Reproduce the whole listing word for word. Leave every image out.

#### Given information

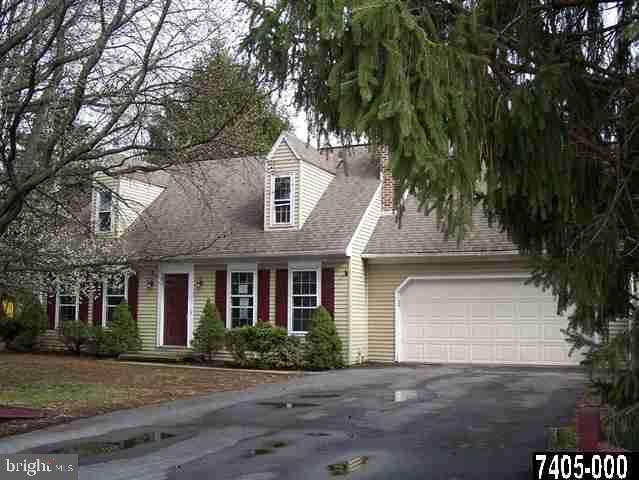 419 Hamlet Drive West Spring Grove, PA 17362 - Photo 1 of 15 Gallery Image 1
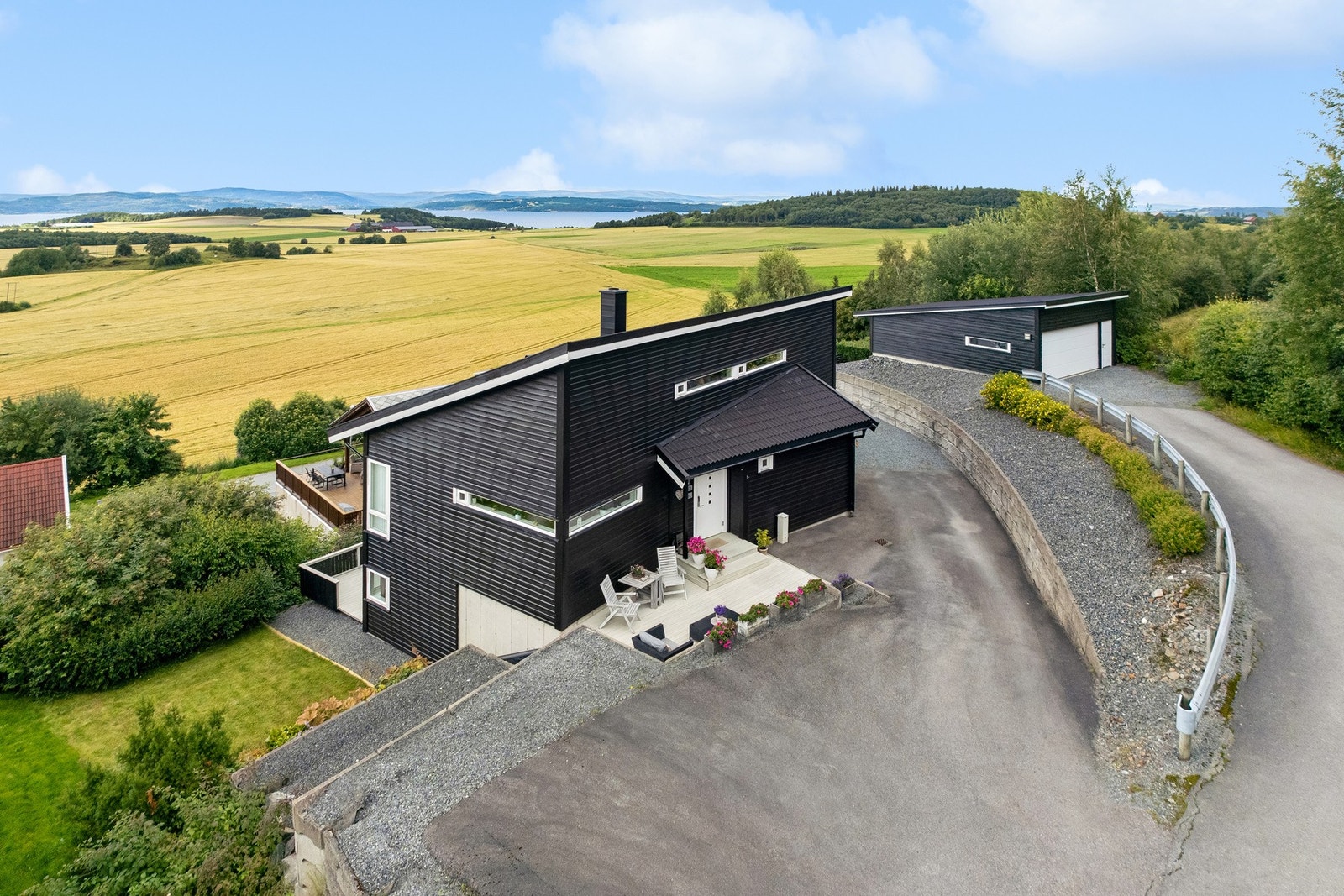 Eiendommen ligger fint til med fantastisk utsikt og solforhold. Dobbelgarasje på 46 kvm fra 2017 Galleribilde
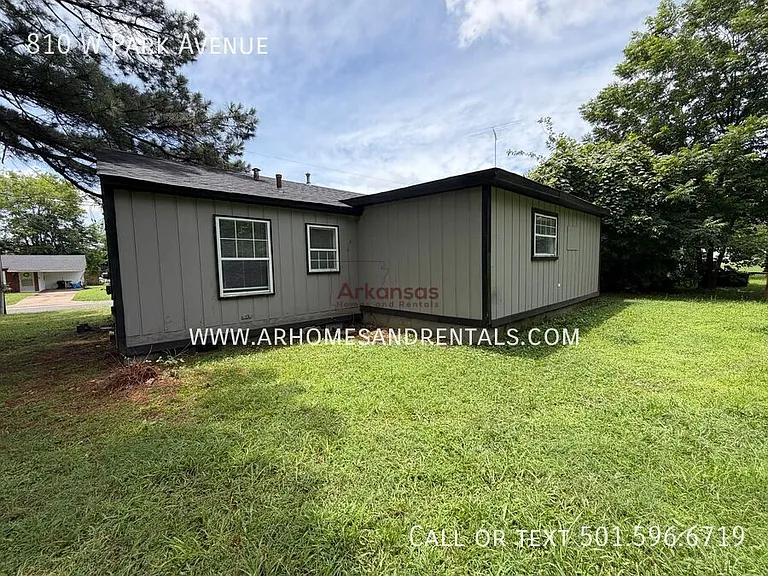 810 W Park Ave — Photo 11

########

» **Exercise answer**:
 419 Hamlet Drive West Spring Grove, PA 17362 - Photo 1 of 15 Gallery Image 1
 Eiendommen ligger fint til med fantastisk utsikt og solforhold. Dobbelgarasje på 46 kvm fra 2017 Galleribilde
 810 W Park Ave — Photo 11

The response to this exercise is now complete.